Se è degna di tal nome, la tavola la si accende quando ci sono invitati. Invitare qualcuno – parenti, amici, conoscenti... – è un atto di grande fede, di profonda fiducia nell’altro: significa infatti chiamarlo, eleggerlo, distinguerlo tra gli altri conoscenti; significa confessare il desiderio di stare insieme, di ascoltarsi, di conoscersi maggiormente.
Chi non pratica questa ospitalità vive in angustie, vive «poco», mi verrebbe da dire. Non conosce la gioia che è maggiore nell’invitare che nell’essere invitati. Occorrerebbe saper invitare senza mai pensare alla reciprocità: l’atto in sé è ricompensa. Non è un caso che anche nel Vangelo, uno degli insegnamenti di Gesù che ridimensiona l’assoluto della reciprocità – oggi tanto di moda quando ci fa comodo – riguarda proprio l’invito a tavola: «Quando offri un pranzo o una cena, non invitare i tuoi amici, né i tuoi fratelli, né i tuoi parenti, né i ricchi vicini, perché anch’essi non ti invitino a loro volta e tu abbia il contraccambio».

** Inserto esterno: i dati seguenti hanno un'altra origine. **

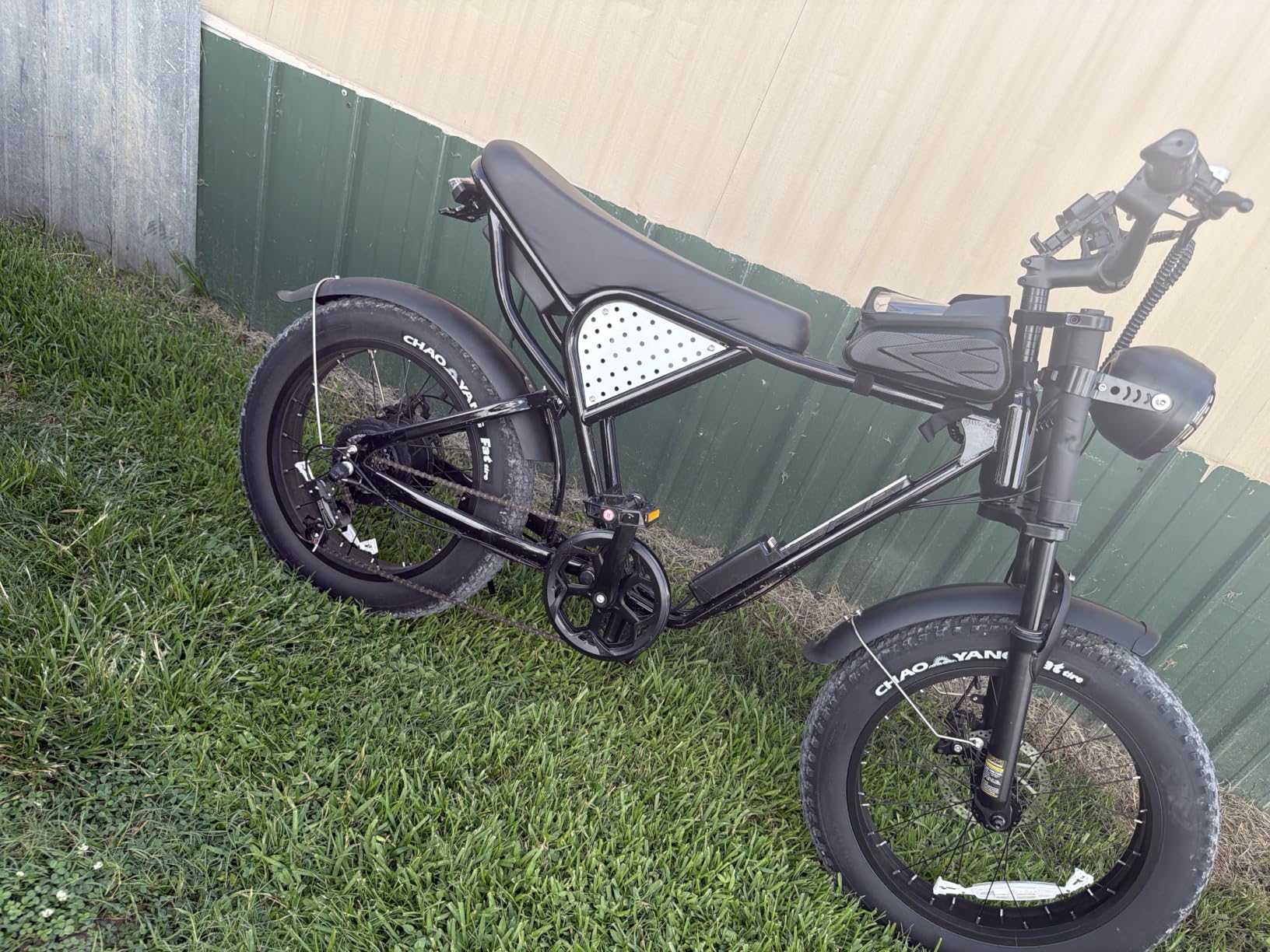 YVY Adult Electric Bike, 1500W-3000W Peak Motor Moped Style E-Bike, 48V 15.6Ah-40Ah Removable Battery, 30-180 Miles Range, 20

Poter dire in verità «la mia casa è aperta, la mia tavola non è solo per me e per i miei» significa aprirsi agli altri, dar loro fiducia, disporsi a lasciarsi arricchire dalla loro presenza, a nutrirsi di sapienza e di amicizia, a veder dischiudersi nuovi orizzonti. Non si tratta di fare della propria tavola un «salotto» che esibisca lo status raggiunto, bensì di saper vivere la fraternità, lo stare insieme, l’amicizia gratuita.

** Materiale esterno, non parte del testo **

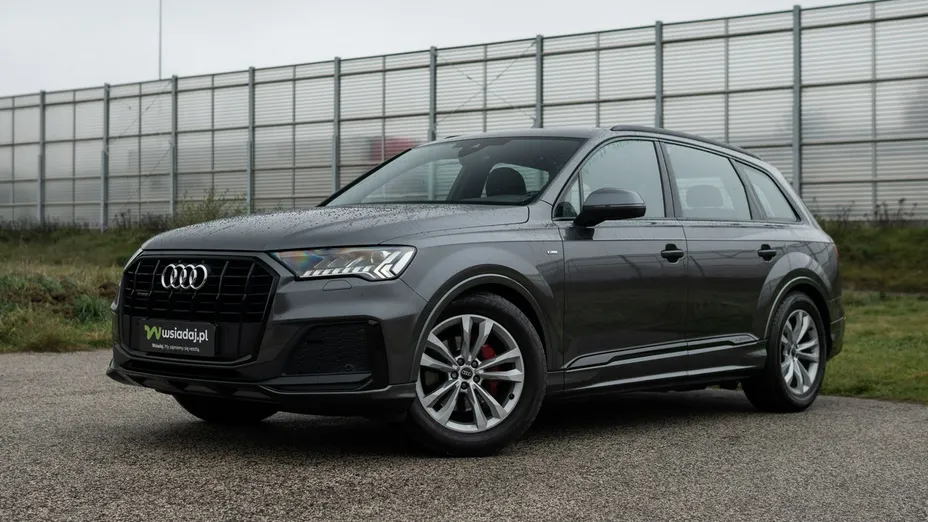 AUDI Q7 -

Quando c’è un ospite a tavola cresce la capacità di benedizione e di gratitudine, così che quando giunge il momento dei saluti alla fine del pasto ci si apre a una promessa orientata al futuro: ci sarà ancora un domani per ritrovarci, avremo ancora nuove possibilità di incontro... Chi mi ha educato mi diceva sempre che è la tavola il luogo in cui ci esercitiamo a vivere la fede, la speranza, l’amore.
La tavola è il luogo della fiducia nell’altro, dello sperare insieme qualcosa di comune per il futuro, dell’amore nello scegliere, preparare, offrire e servire il cibo agli altri. In questa scuola di umanizzazione tre elementi legano il pasto dall’inizio alla fine: il pane, le bevande e la parola. Ma è la parola che costituisce il legame più profondo fra tutti gli attori del pasto: è la parola che narra gli alimenti diversi che giungono in tavola, è la parola che unisce i presenti e gli assenti, i commensali e gli altri, è la parola che mette in relazione il passato con il presente, aprendoli al futuro.

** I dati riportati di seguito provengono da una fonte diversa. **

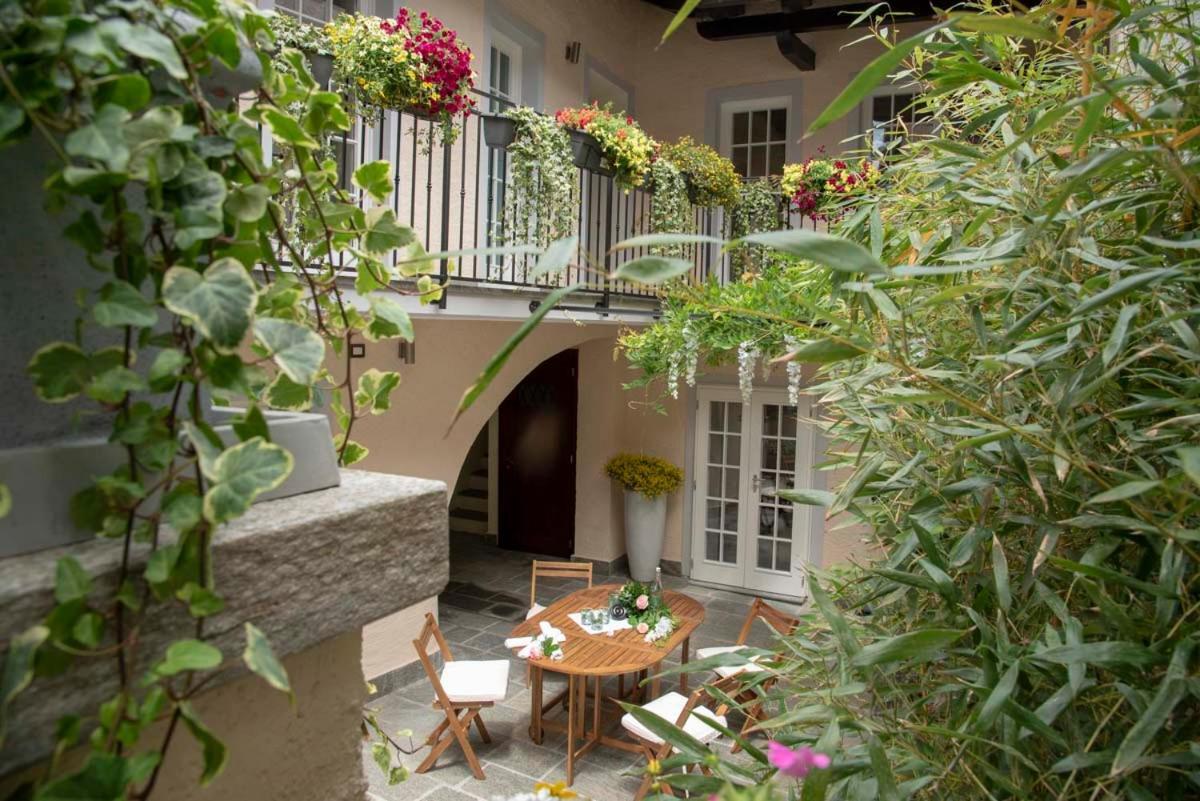 Вілла Casa Mia Castelveccana Екстер'єр фото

La parola a tavola può essere davvero strumento di comunione, mezzo privilegiato per conferire senso al pasto, per valorizzare il gusto degli alimenti, per suscitare l’arte dell’incontro. Stare a tavola insieme è un linguaggio universale tra i più determinanti e decisivi per l’umanizzazione di ciascuno di noi. A tavola, piccoli e grandi, vecchi e giovani, genitori e figli, siamo tutti commensali, tutti con lo stesso diritto di parola e con lo stesso diritto al cibo che arricchisce la tavola. Davvero stare a tavola è molto più che saper nutrirsi: è saper vivere.